Hence, according to some embodiments of the present invention, the short-circuit impedances of the different secondary windings 400 a can be uniformed by differentiating the size of the first gaps 330. In greater detail, as shown in FIG. 4, the size of the first gaps 330 closest to the core plate 220 and the core plate 230 is smaller than the size of the at least one first gap 330 other than the first gaps 330 closest to the core plate 220 and the core plate 230. With such a configuration, the short-circuit impedances of the secondary windings 400 a close to the core plate 220 and the core plate 230 are decreased and the short-circuit impedance of the secondary winding 400 a close to the core center 204 is increased so that the short-circuit impedances at different locations in the transformer are more uniform.

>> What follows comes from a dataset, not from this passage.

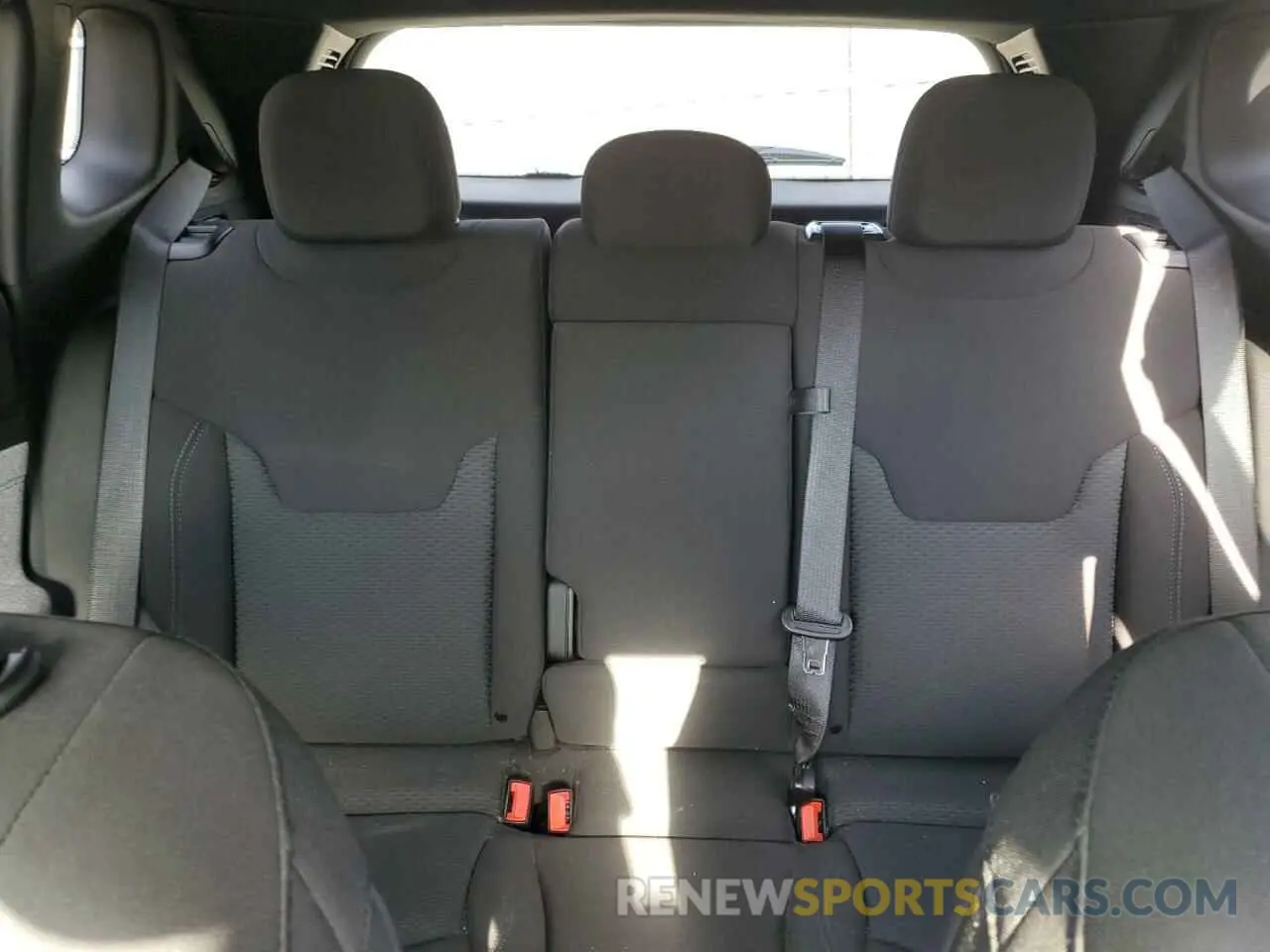 10 Photograph of a damaged car 3C4NJDAN9RT171267 JEEP COMPASS 2024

In some embodiments, the secondary windings 400 a closer to the core plate 220 and the core plate 230 may be moved toward the core center 204 of the magnetic core 200 so as to reduce the leakage flux of the of the secondary windings 400 a passing through the core plate 220 and the core plate 230. With such a configuration, the short-circuit impedance values of the secondary windings 400 a closer to the core plate 220 and the core plate 230 are closer to the short-circuit impedance value of the secondary winding 400 a closer to the core center 204. As a result, the short-circuit impedances at different locations in the transformer are more uniform.
According to some embodiments, the number of the secondary windings 400 a is an odd number. In greater detail, the number of the secondary windings 400 a may be three so as to supply voltages having three different phases as required by the three-phase voltage. In some embodiments, the number of the winding sections 310 a is an even number (such as two or four), and a number of the at least one first gap 330 may be an odd number so that the at least one first gap 330 can be disposed corresponding to the odd-numbered secondary windings 400 a.
Although the present invention has been described in considerable detail with reference to certain embodiments thereof, other embodiments are possible. Therefore, the spirit and scope of the appended claims should not be limited to the description of the embodiments contained herein.
It will be apparent to those skilled in the art that various modifications and variations can be made to the structure of the present invention without departing from the scope or spirit of the invention. In view of the foregoing, it is intended that the present invention cover modifications and variations of this invention provided they fall within the scope of the following claims.